Devletlerin izzet ve inhitat (yükseliş ve çöküş) yasalarını isabetle teşhis eden Tarih sosyolojisinin kurucusu İbn Haldun’un “son evre”ye ilişkin tesbitleri İgnazio Silone‘nin şu gözlemleri ile pekişiyor:
‘İnhitat halindeki bir siyasi yönetim, sadece gelişen olaylar ve uyarılar karşısında sağırlaşıp duyarsızlaşmakla kalmaz, aynı zamanda ihtiyarlığın bütün arazlarını da üzerinde taşır.

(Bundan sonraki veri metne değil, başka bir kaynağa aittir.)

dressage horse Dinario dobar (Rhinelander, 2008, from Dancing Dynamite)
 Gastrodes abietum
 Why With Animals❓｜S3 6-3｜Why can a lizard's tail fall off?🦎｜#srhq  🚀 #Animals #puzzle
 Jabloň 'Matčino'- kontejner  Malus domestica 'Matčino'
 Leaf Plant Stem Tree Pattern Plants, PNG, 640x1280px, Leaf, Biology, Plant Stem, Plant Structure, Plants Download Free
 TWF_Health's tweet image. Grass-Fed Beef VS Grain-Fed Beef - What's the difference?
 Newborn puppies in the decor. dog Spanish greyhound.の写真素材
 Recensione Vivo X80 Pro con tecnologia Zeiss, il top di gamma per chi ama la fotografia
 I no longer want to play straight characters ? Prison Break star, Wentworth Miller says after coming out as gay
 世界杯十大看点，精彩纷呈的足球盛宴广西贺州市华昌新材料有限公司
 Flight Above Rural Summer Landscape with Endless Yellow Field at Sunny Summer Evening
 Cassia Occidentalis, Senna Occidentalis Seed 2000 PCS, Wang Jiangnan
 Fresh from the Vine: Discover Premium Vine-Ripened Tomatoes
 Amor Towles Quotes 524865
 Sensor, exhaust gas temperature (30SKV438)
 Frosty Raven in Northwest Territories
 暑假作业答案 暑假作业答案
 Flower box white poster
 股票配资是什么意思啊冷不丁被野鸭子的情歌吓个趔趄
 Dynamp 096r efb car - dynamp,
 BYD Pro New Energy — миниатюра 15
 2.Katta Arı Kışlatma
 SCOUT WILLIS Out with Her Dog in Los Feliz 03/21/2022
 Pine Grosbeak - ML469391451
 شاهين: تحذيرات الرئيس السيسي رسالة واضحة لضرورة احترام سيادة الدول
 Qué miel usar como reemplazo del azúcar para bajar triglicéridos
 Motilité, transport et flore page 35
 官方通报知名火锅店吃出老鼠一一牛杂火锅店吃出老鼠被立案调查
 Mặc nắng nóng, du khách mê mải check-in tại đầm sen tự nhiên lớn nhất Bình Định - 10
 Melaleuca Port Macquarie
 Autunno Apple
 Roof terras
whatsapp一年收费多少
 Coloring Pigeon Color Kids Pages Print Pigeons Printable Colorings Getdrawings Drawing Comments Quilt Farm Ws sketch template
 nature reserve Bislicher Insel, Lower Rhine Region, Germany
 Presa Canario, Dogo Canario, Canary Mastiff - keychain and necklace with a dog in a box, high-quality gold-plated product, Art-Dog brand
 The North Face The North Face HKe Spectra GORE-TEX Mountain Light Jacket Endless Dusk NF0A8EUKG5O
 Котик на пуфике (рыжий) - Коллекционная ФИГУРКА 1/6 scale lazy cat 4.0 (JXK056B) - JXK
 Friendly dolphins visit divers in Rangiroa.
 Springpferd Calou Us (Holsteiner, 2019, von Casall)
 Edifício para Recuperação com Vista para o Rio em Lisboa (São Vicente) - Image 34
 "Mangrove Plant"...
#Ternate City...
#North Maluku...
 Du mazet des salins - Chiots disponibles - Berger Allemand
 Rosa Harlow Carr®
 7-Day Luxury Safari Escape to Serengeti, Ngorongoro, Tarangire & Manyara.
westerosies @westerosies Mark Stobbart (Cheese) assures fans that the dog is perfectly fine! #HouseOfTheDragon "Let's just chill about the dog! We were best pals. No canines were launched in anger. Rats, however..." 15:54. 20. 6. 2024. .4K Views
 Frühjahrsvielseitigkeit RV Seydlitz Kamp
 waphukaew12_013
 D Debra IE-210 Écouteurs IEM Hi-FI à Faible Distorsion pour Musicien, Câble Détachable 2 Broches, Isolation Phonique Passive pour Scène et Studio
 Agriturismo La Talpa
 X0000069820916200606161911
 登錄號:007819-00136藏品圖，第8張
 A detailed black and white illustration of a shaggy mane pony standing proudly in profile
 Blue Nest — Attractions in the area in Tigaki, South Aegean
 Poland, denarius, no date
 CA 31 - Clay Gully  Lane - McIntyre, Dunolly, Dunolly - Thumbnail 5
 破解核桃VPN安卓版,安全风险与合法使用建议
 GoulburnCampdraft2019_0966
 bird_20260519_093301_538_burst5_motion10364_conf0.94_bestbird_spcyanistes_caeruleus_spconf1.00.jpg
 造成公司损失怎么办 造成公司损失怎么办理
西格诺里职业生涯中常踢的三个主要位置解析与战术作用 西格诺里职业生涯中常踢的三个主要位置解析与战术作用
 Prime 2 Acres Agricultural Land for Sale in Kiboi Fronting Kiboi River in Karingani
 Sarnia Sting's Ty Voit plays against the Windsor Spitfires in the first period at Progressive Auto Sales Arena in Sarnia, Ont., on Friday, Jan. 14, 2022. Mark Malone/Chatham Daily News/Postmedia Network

Yarım yamalak ve günübirlik tedbirlerle yaşar ve asıl meselelerin tetkikini hep ertesi güne bırakır… Devekuşu siyaseti güderek zaman kazandığını sanır… İdareciler yalnızca elindeki imkânlardan istifade etmeye yararlı kuvvet, kabiliyet, irade ve cesaretten değil, aynı zamanda devamlı olarak değişen duruma hâkim olmak ve olup bitenleri anlamaktan da mahrumdur (Abdullah Yıldız, Direnişten Dirilişe, s. 44-46).
İnhitat halindeki bir siyasal yönetimin/örgütün/partinin, çöküşe yol açan bazı arazları görse de, sorunların üstesinden gelecek zihniyet değişimini bir türlü gerçekleştiremediğini, geleneksel kalıplara sımsıkı sarılarak işleri büsbütün çığırından çıkardığını, yine İbn Haldun ve Silone’den öğreniyoruz.
Meselenin yanlış anlaşılmaması için, burada herhangi bir devlet, parti veya örgütü bahis mevzuu etmediğimizi, genelde insanlık, özeldeyse Müslümanlar olarak yaşamakta olduğumuz tıkanıklıkları aşabilmek için çıkış noktaları aradığımızı belirtiyor, son olarak Aliya İzzetbegoviç’in (İslâm Deklarasyonu, s. 73) bazı tespitlerini özetliyoruz: İslâm toplumlarının maddi gelişme dönemlerinde ‘birilerinin çabası, fedakârlığı ve adanmışlığının birilerinin kodamanlığına ve ahlâkî tökezlemelere dönüşmemesi gerektiğini’ hatırlatan Aliya, ‘rüşvet, ailenin tahribi, hızlı ve haksız zenginleşme, yetenekli ve değer tanımayan bireylerin ön plâna çıkması, gelenekleri hızla yok eden şehirleşme, toplumsal ilişkilerin bayağılaşması gibi riskleri beraberinde getiren kültürsüzlük seline, yani maddi ve teknik ilerlemenin barbarlığa dönüşmesine ancak Din ile; Allah’a olan temiz ve sarsılmaz bir imanla ve dinî vecibelerin yerine getirilmesi ile engel olunabileceğini’ söyler. İşte çözüm budur!
Aliya’nın “İslâmî yeniden doğuş” dediği süreç; Allah’ın inayetiyle, iman ve salih amel sahibi adanmışların öncülüğünde İslâmî hayat tarzına sımsıkı sarılarak zafere ulaşacaktır.